Recentemente passaram
festivais de curtas latinoamericanos, e o Mirada, festival de teatro que ocorre
em Santos a partir do começo de setembro, serve para refletirmos em que medida
nossos dilemas vão além de nossas fronteiras nacionais.
O espetáculo Frida Kahlo
é outra forma de encarar a latinidade. Pude conferir, pouco antes de entrar,
que havia vários espectadores de origem latino-americana hispânica, e não
apenas mexicanos ou brasileiros interessados na pintora, ansiosos para ver a
latinidade aflorar. Desde o começo o espetáculo promete - o palco é nu, com uma
interessante entrada ao fundo, parcialmente iluminado por lustres, e os
instrumentos musicais dominam o ambiente (eles irão, quase sem nenhum descanso,
acompanhar toda a trama, em parte linear, em parte entrecortada por diversas
intromissões da cultura, da história, do teatro em si e muito dançada).
Seria injusto dizer
que a peça trama a trama da história de Frida, apenas. Diria melhor que a trama
da pintora e de sua relação com Diego Rivera é quase uma desculpa para traçar,
com música, dança e teatro, o itinerário do México do começo do século e da
latinidade de forma geral, com recurso a imagens típicas daquela cultura e
dança. Os europeus ilustres são anunciados, bem no começo da peça, mas percebe-se
como eles atuam mais como espectadores de um espetáculo eminentemente
latino-americano. Há quem "grave" com câmeras de filmar, há
intromissões de ilustres como Artaud, Maiakovski, Breton e tudo o mais, mas
desta vez, contrariando essa mania de nos colocarem a soslaio, os europeus
assistem embasbacados a trama toda dessa que ficou conhecida pela pintura, sim,
mas também e principalmente pela trajetória - quase mítica, como os
espectadores são de cara defrontados. Não irei dizer por quê - tiraria toda a graça
da peça. Basta ver para perceber como, para Frida, a arte era uma forma de
eternidade mítica que superava a própria história e de sua, digamos, raça.
O texto, de Viviane
Dias, abrange um amplo leque de interesses e é extremamente agradável vermos
como a latinidade pode ser encenada sem necessariamente ser reduzida a clichês.

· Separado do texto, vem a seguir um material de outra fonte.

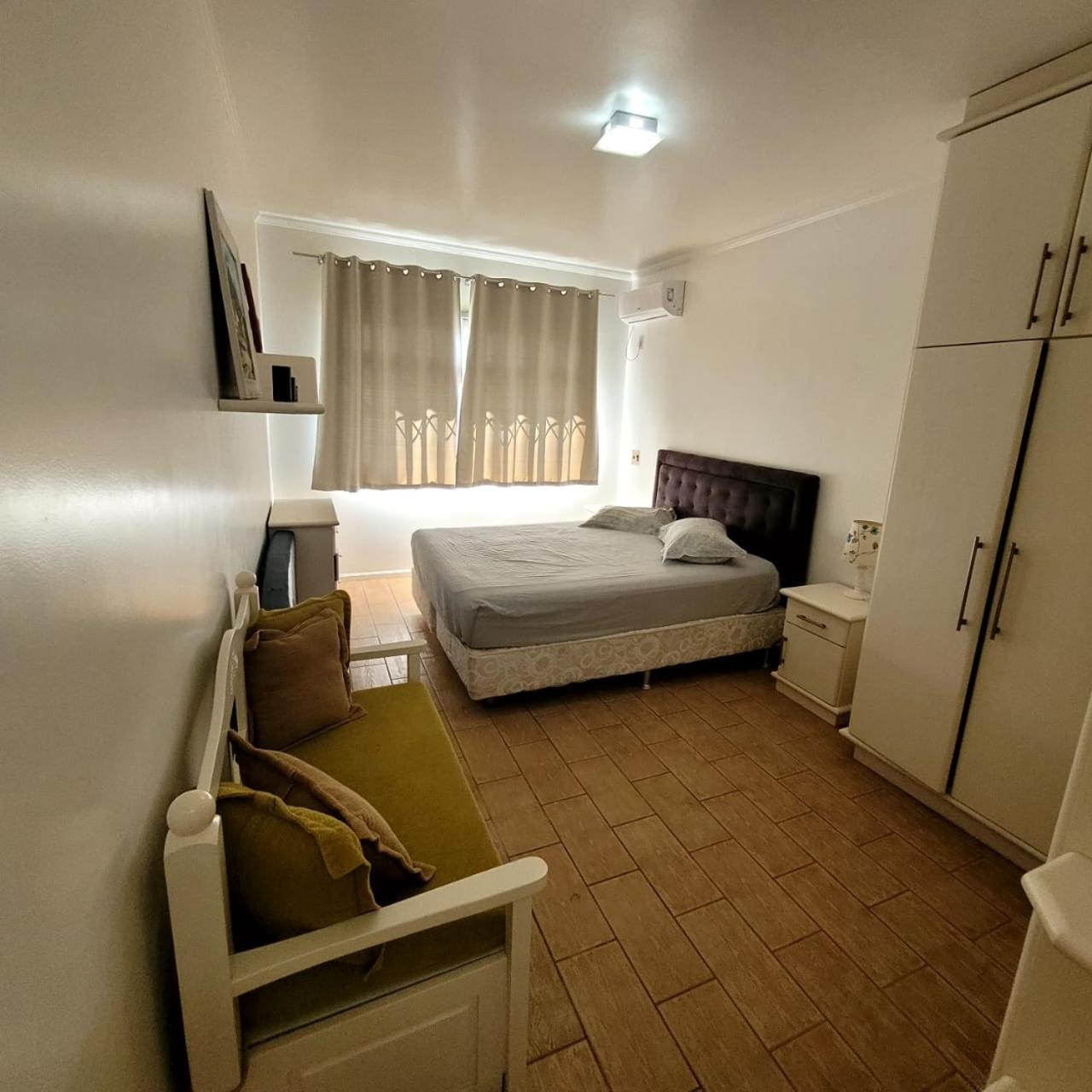 Bombinhas Brasil Residence II Guest House No Centro Екстер'єр фото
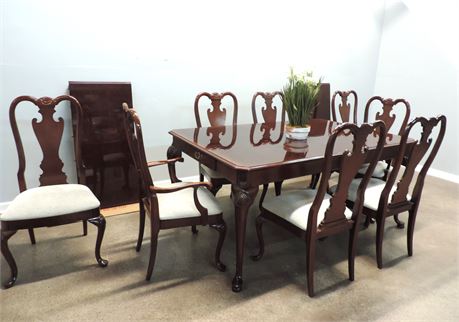 Traditional Solid Wood Dining Table / Eight Chairs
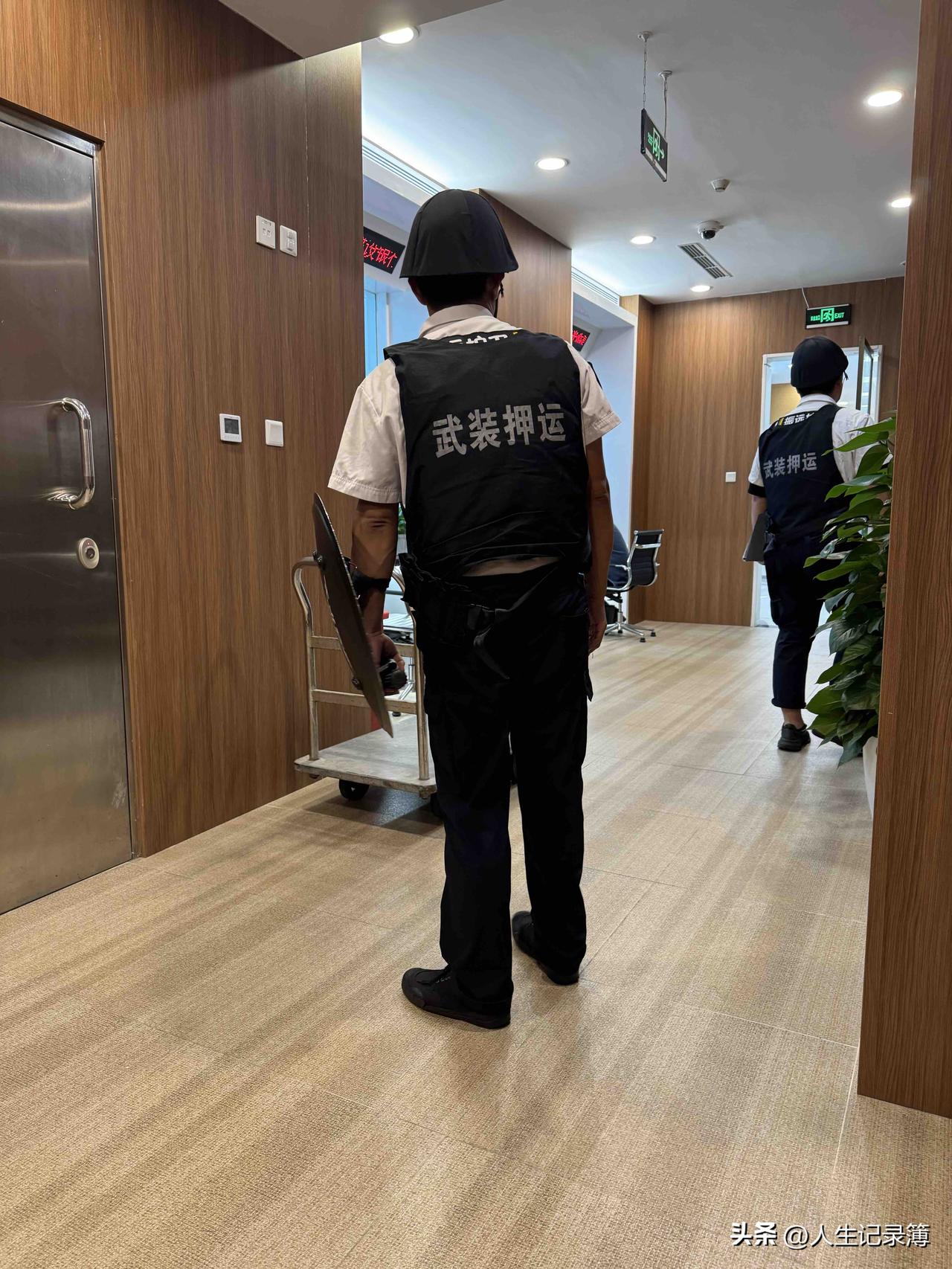 上午去银行兑换外币，有日元，港元。兑换成人民币。
有纸币、硬币。
工作人员说：纸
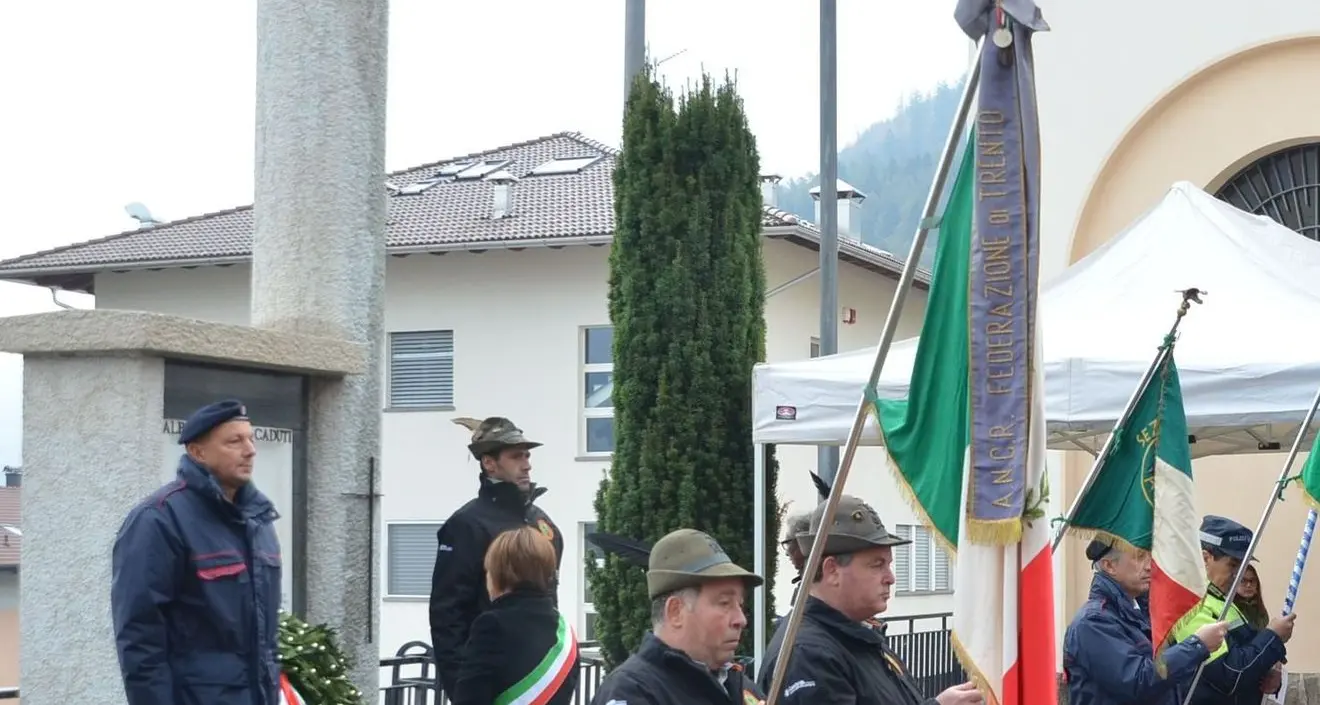Albiano, commemorati i Caduti di tutte le guerre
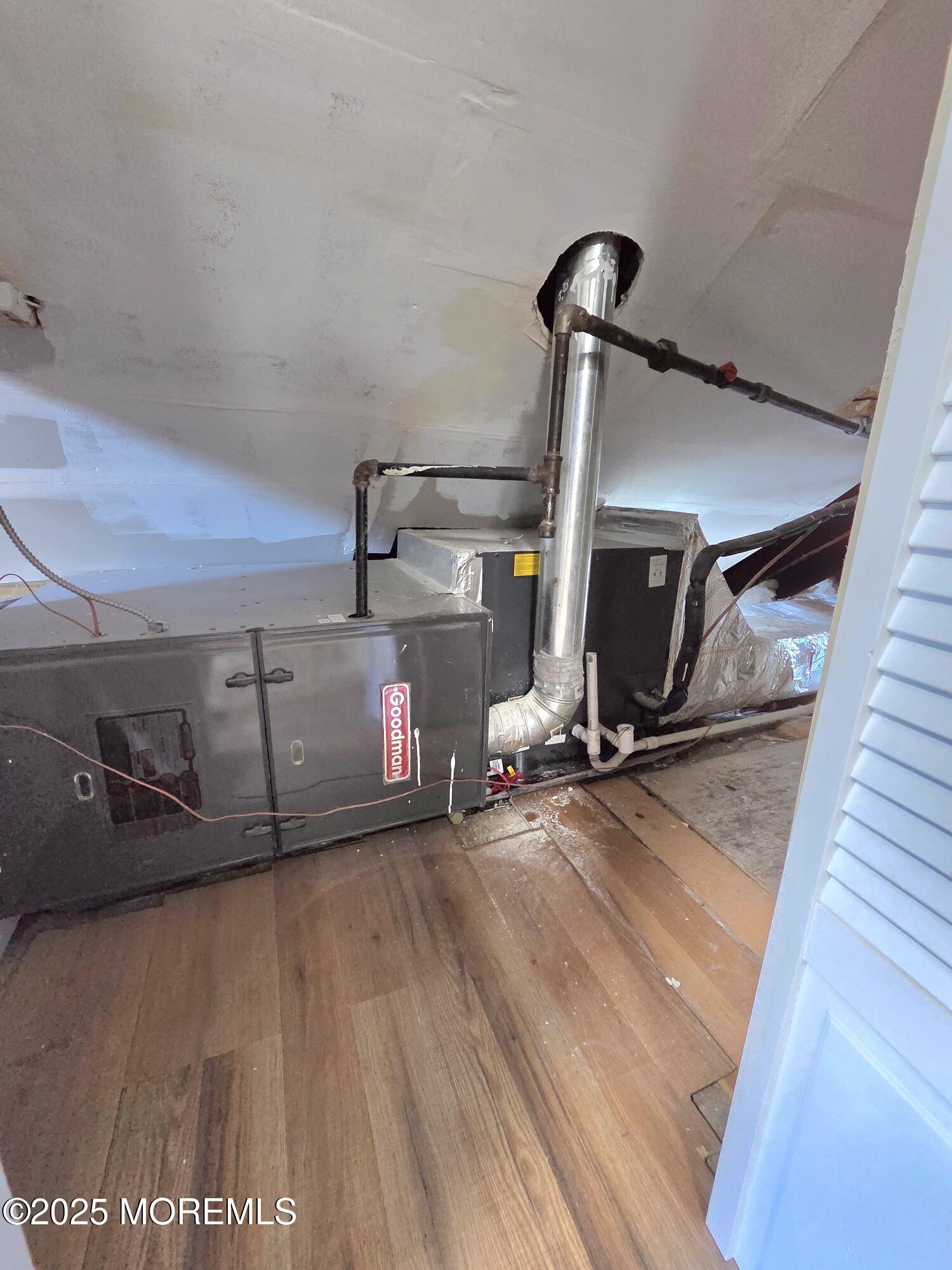 216 Delaware Street Elizabeth Port, NJ 07206 - Photo 33 of 40 a view of a room with gym equipment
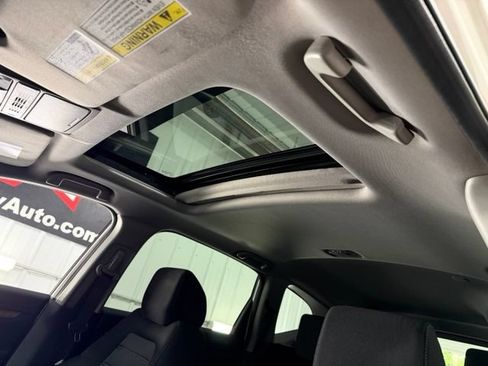Used 2018 Honda CR-V EX image 14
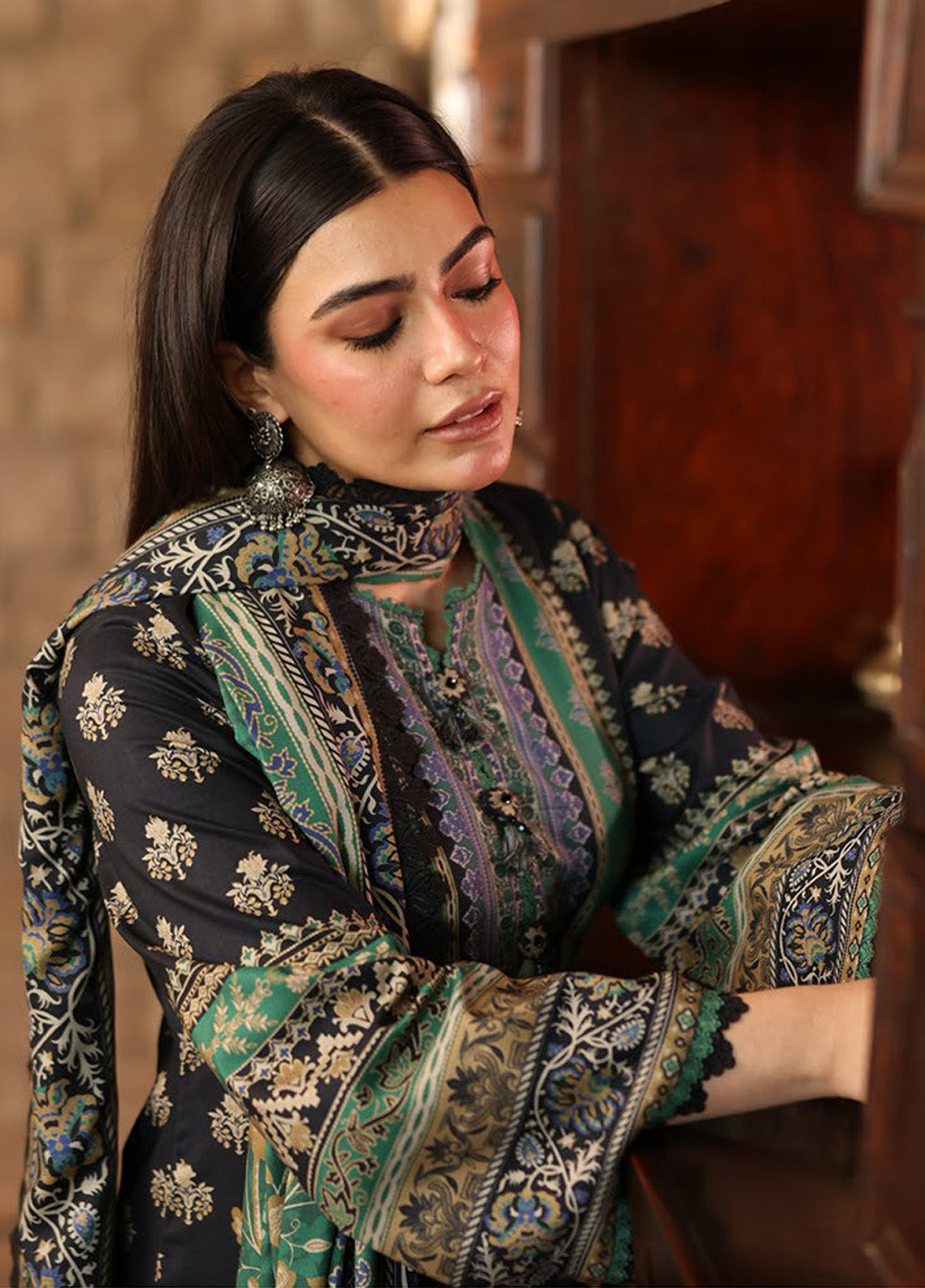Asim Jofa Printed Viscose Winter 3 Piece Unstitched Suit AJ24UW AJUW-62 Asim Jofa Printed Viscose Winter 3 Piece Unstitched Suit AJ24UW AJUW-62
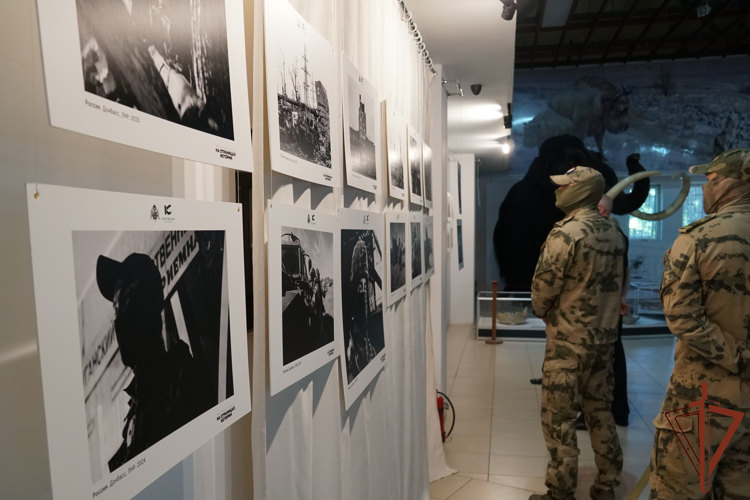 В Воронежской области открылась фотовыставка работ военнослужащего Росгвардии из ЛНР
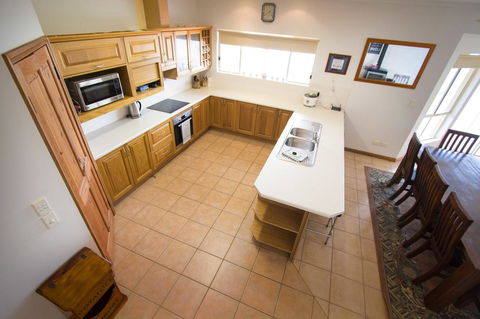 Limestone Ridge - Accommodation Gold Coast 2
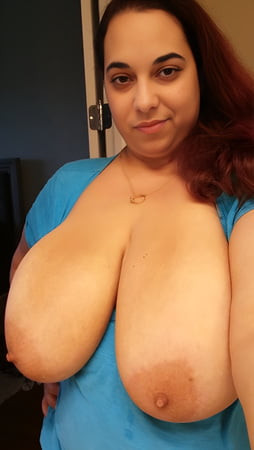 Selfie Time With My 44DDD Melons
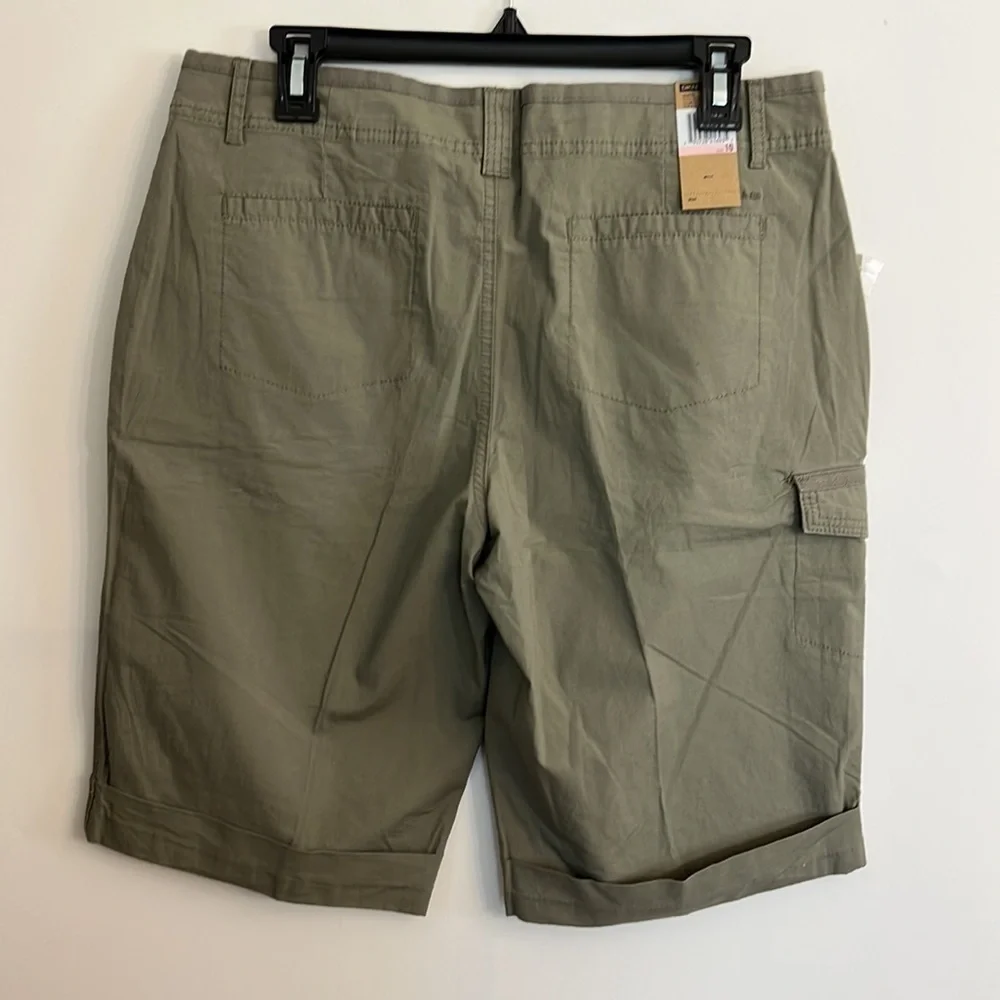 Dkny cotton blend Bermuda/Cargo shorts NWT size 10 green color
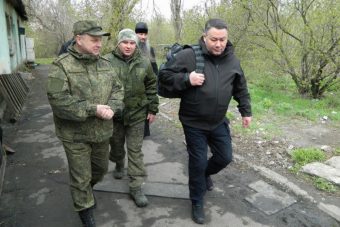 Губернатор Тверской области  Игорь Руденя накануне Пасхи в прифронтовой зоне проведения СВО встретился с военными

Sentimos esse algo mais que surge de tudo que é bem contado, sem a pecha do
folclore tão fácil de impor e de assimilar. Esse algo mais vai até o fim,
quando numa espécie de ato de voyeurismo de extremo bom gosto, vemos a imagem
da mulher se tornar algo mais que estelar. Muito bonito mesmo.
Não pude, contudo,
apreciar o espetáculo em toda a integridade, dado estar também acompanhando o
trabalho de luz do Jorge, ao lado dele, na mesa de som. Mas mesmo assim foi
possível apreciar bastante bem a integridade do trabalho. Fica até final de
setembro no Viga. Tentarei também ajudar na divulgação.